In my last post, I started talking about the Pharisee who had a dinner in honor of Jesus. I talked about the background of that event. This Pharisee was healed of leprosy by Jesus, earlier in His ministry. That’s an important point as we look at what happens at the dinner.
As I already said, during the dinner, a “sinful” woman came in, washed Jesus’ feet with her tears, and anointed them with an expensive perfume. The Pharisee became judgmental.
When the Pharisee who had invited him saw this, he said to himself, “If this man were a prophet, he would know who is touching him and what kind of woman she is — that she is a sinner.”

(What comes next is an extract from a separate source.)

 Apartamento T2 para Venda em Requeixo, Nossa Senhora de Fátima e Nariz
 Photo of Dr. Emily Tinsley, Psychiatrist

This Pharisee is assuming some things. The first is that Jesus thinks the same way he does about people. This is a trap many fall into.
We think that God is like us. We spend so much time trying to get God to agree with us. We want to get God on our side.
This approach never works. Our focus should be to get into agreement with God and to join with Him on His side.
The fact is that Jesus had no problem with this woman worshiping Him. He spent a lot of His time ministering to those that the Pharisees rejected as unworthy people.
I like the way Jesus turned things around. He asked this Pharisee a very leading question.
“Two men owed money to a certain moneylender. One owed him five hundred denarii, and the other fifty. Neither of them had the money to pay him back, so he canceled the debts of both. Now which of them will love him more?”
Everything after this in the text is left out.